Univariate analyses of variance revealed no baseline differences across the groups in the cognition outcome variable at baseline for the forward digit span two-error maximum length (TE_ML) measure (F(3, 291) = 0.45, p = 0.720), or the according backward digit span measure (F(3, 291) = 0.15, p = 0.962). Univariate analyses of variance also revealed no baseline differences across the groups in the cognition outcome variable at baseline for the dual n-back measure d prime (F(3, 291) = 1.01, p = 0.388).

Concerning the two-error maximum length digit span forward, there was no significant time effect (F(1, 281) = 1.1, p = 0.298, η2partial = 0.004). The time × soundscape type interaction effect was also not significant (F(1, 281) = 0.2 p = 0.662, η2partial = 0.001), as well as the time × type × diversity triple interaction (F(1, 281) = 1.1, p = 0.296, η2partial = 0.004). The same null-finding emerged for the according backward digit span measure: time (F(1, 281) = 0.30, p = 0.582, η2partial = 0.001), time × soundscape type (F(1, 281) = 1.04, p = 0.308, η2partial = 0.004) and time × type × diversity (F(1, 281) = 1.2, p = 0.278, η2partial = 0.004). For the n-back task total performance parameter, there were also consistent null-findings. There was no significant effect of time (F(1, 287) = 0.37, p = 0.543, η2partial = 0.001) or time × soundscape type (F(1, 287) = 0.23, p = 0.635, η2partial = 0.001) nor time × type × diversity (F(1, 287) = 1.12, p = 0.279, η2partial = 0.004). Additional analyses were run to check the robustness of the effects i.e., controlling for state paranoia age, and positive symptoms which differed significantly (paranoia) or at trend (p < 0.10; age, positive symptoms) at baseline as covariates, and excluding cases who did not type in at least one digit of the auditory codeword at the end of the soundscape correctly (= listening compliance check). The results of these analyses were comparable to the above reported ones. At last, an aggregation of both task scores into a composite z-score, which is an established practice in the field16, did not yield a significant result either.

Discussion

The present study built up a previous study by van Hedger et al.16, who demonstrated that a natural vs. urban soundscape was related to better cognitive outcomes, but failed to demonstrate significant effects on mood. In the present study, birdsongs were contrasted with traffic noise, whereby a novel diversity factor (low vs. high number of birdsongs or traffic noise sources in the soundscapes that participants were exposed to) was introduced, and effects on paranoia were additionally tested (for the rationale see “Introduction” section).

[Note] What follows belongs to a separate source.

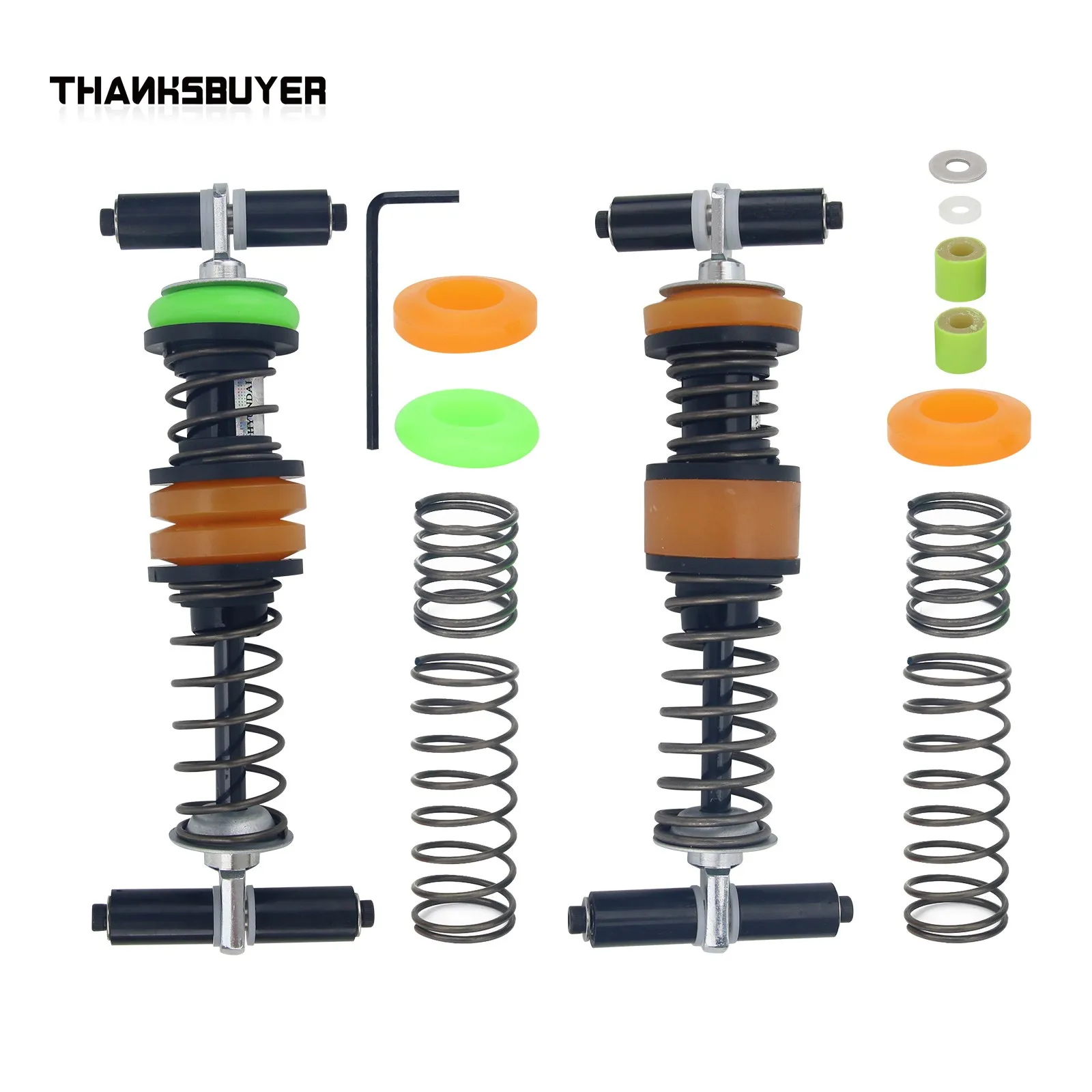 Hydraulic Spring Damper Kit, Racing Game Simulator Pedal Modification for MOZA SRP & SRP Lite, Throttle Brake Clutch Damper Kit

Opposed to van Hedger et al.16 in the present study only effects on mood (depression, anxiety) and paranoia, but not on cognition (dual n-back, digit span task), were found. Traffic noise soundscapes generally aggravated depressive states (small effect in low diversity, moderate effect in high diversity condition), whereby these soundscapes were also perceived as significantly different in terms of diversity in subjective ratings, which were conducted as a manipulation check at the end of the study. Exclusively the highly diverse birdsong soundscape decreased depressive states (small effect size). Generally, the birdsong conditions were not rated as significantly different in terms of diversity. Concerning anxiety, traffic noise soundscapes had no effect, whereas both birdsong soundscapes significantly alleviated anxiety (medium effect sizes). Finally, the traffic noise soundscapes had no effect on paranoia, whereas again both birdsong soundscapes significantly lowered it (medium effect sizes).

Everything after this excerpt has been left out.